Brief descriptive captions
= = = =
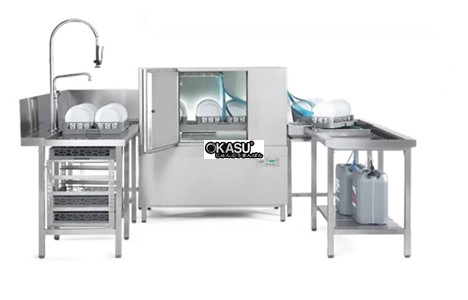 may rua chen cong nghiep bang tai wintwehalter c50 m hinh 2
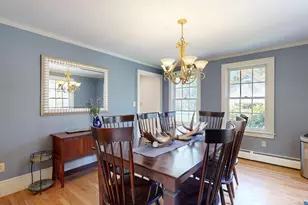 43 Sturbridge Ln, Cumberland, ME 04021 - Photo 19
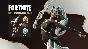 ✅FORTNITE: Perfect Execution Pack + 600 Vb XBOX KEY🔑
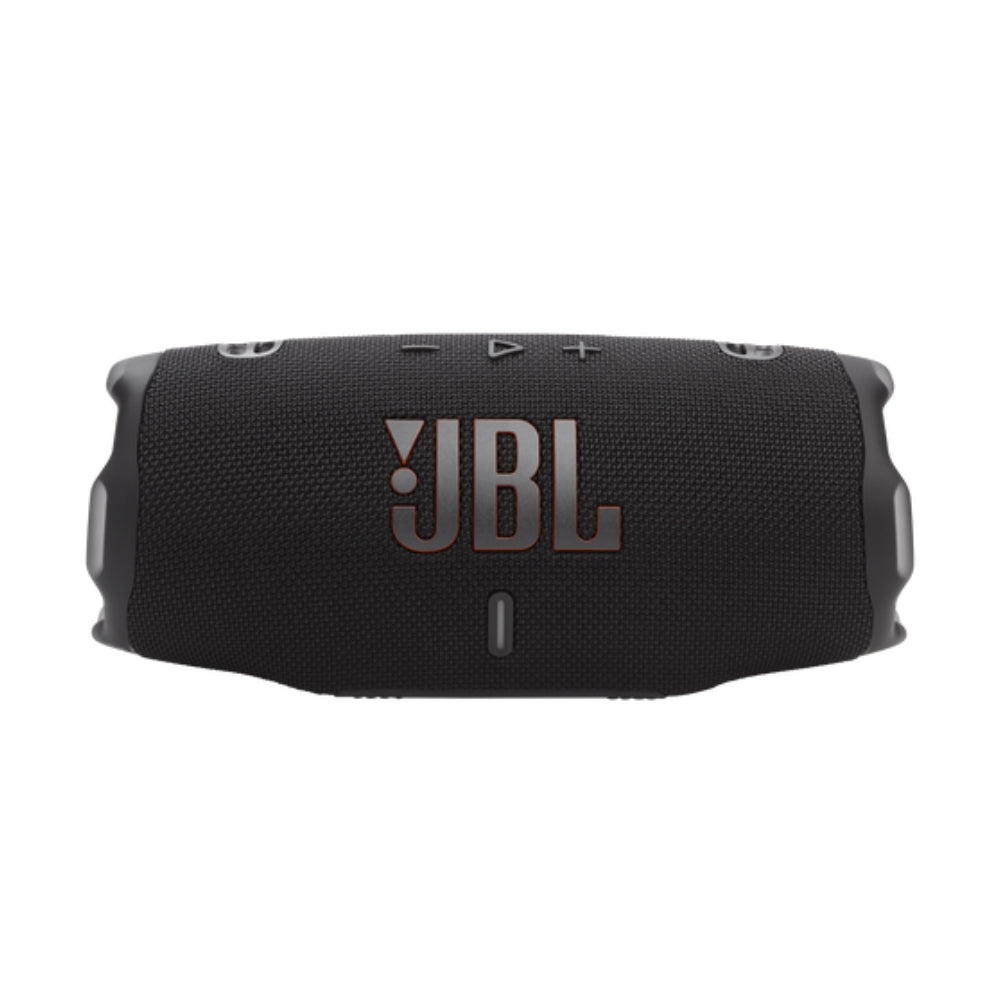 Parlante Altavoz JBL Charge 6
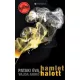 Hamlet halott Antikvar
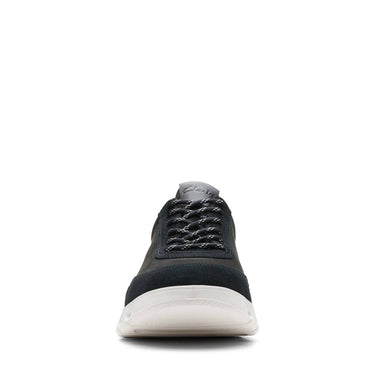 Clarks - Men's Nature X One Shoes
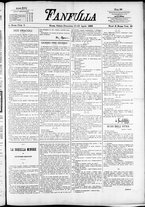 giornale/TO00184052/1885/Aprile/39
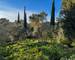 Mazet à Nîmes - Quartier prisé et paisible - 39374f15-e650-4181-aa81-56df5e3367f5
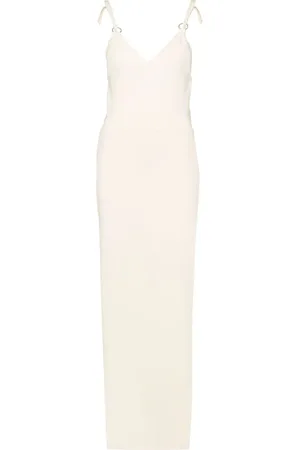 Paco rabanne Cut out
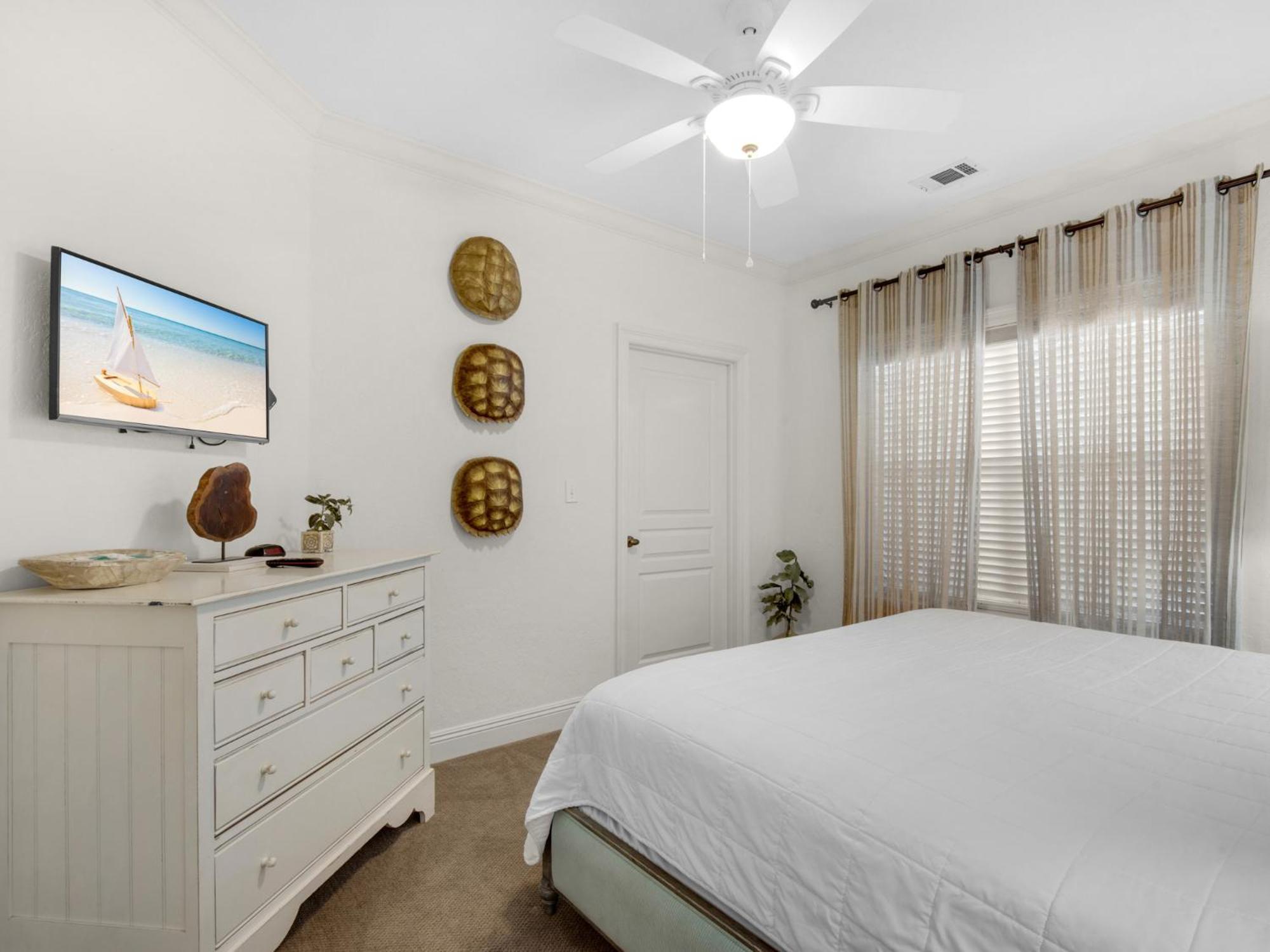 Emerald Dunes 602 By Newman-dailey Holiday home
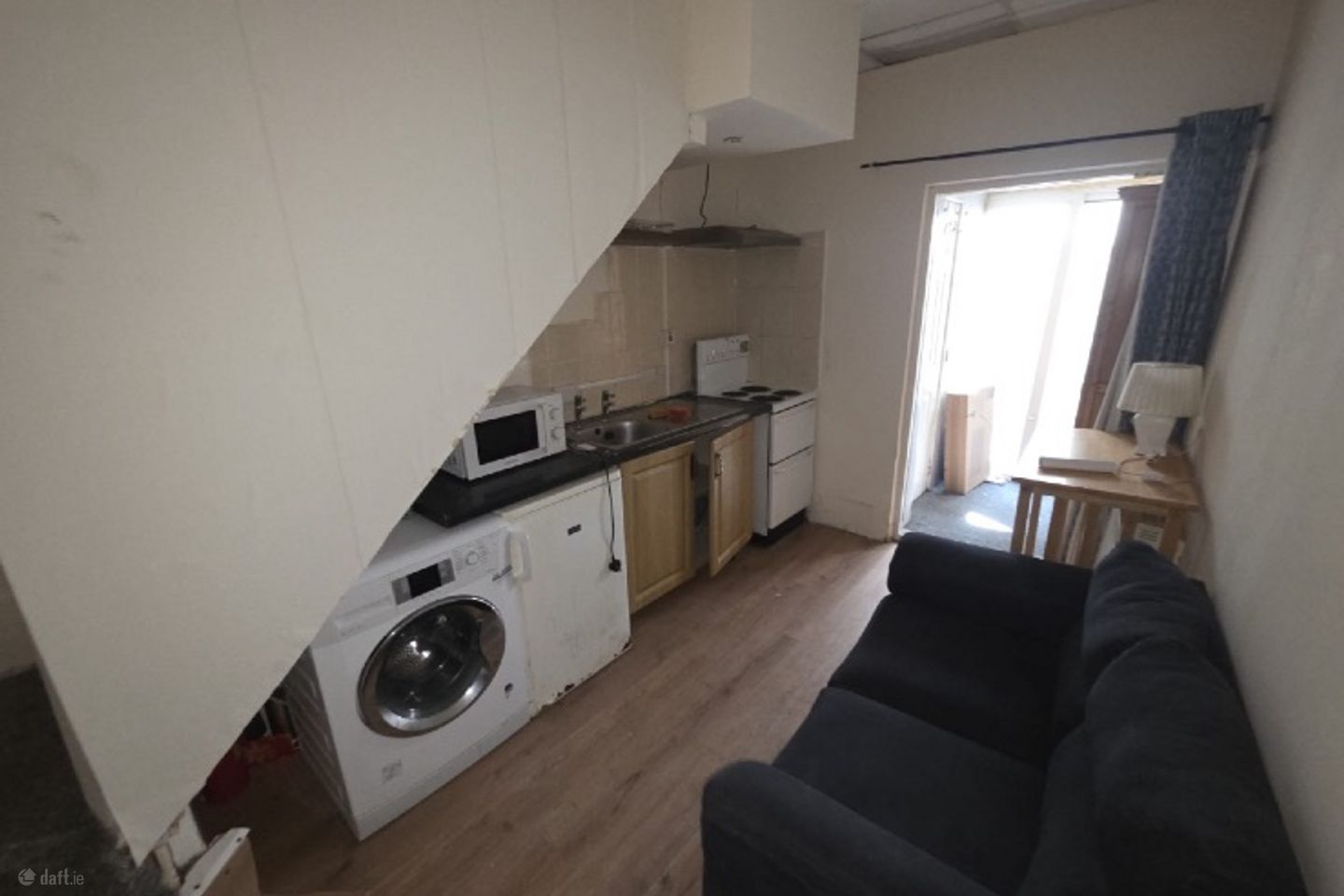 13 castle street Carlow, Graiguecullen, Co. Carlow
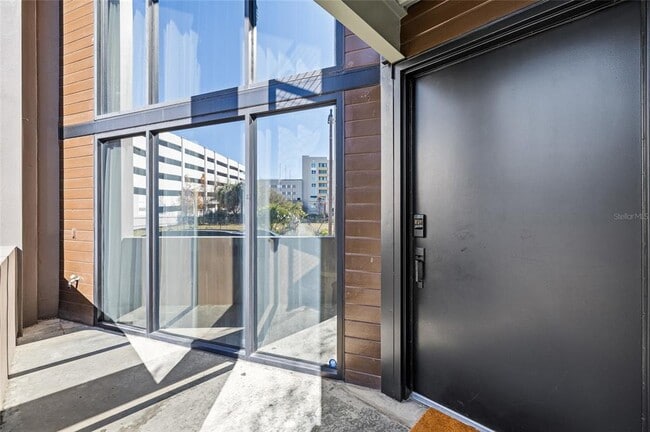 Foto del edificio - 213 N 12th St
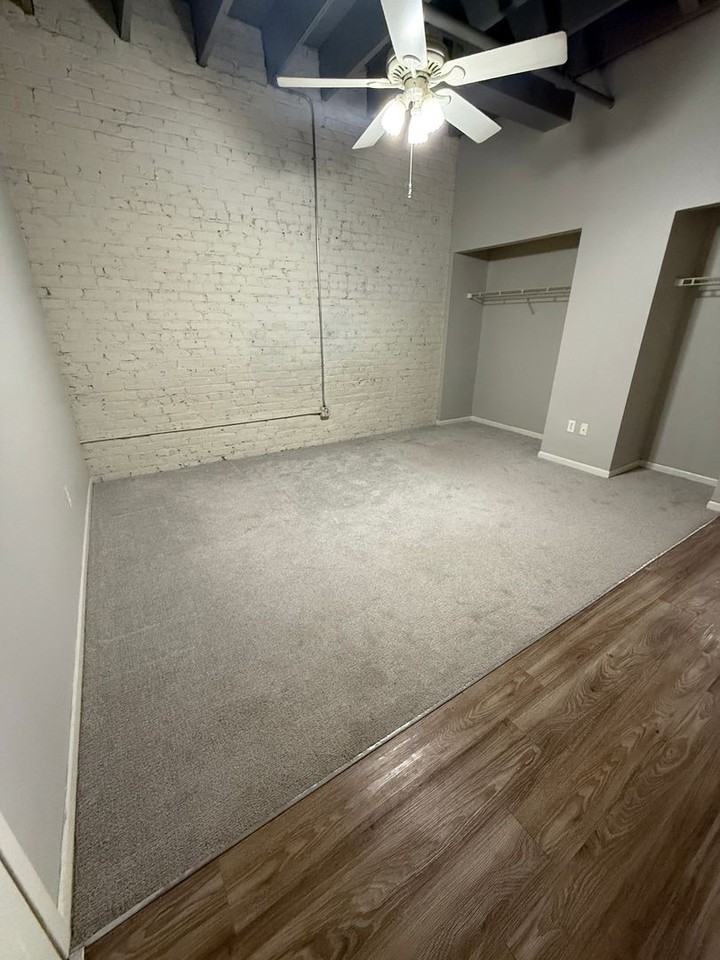 Harney Street Apartments in the Old Market - Photo 2 of 30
= = = =
* _Action item_: Above are the records; please give again, exactly and in full, only the lines that run from the line with "Parlante Altavoz JBL Charge 6" through the line with "13 castle street", with no pictures.

* _Your response_:
 Parlante Altavoz JBL Charge 6
 Hamlet halott Antikvar
 Clarks - Men's Nature X One Shoes
 giornale/TO00184052/1885/Aprile/39
 Mazet à Nîmes - Quartier prisé et paisible - 39374f15-e650-4181-aa81-56df5e3367f5
 Paco rabanne Cut out
 Emerald Dunes 602 By Newman-dailey Holiday home
 13 castle street Carlow, Graiguecullen, Co. Carlow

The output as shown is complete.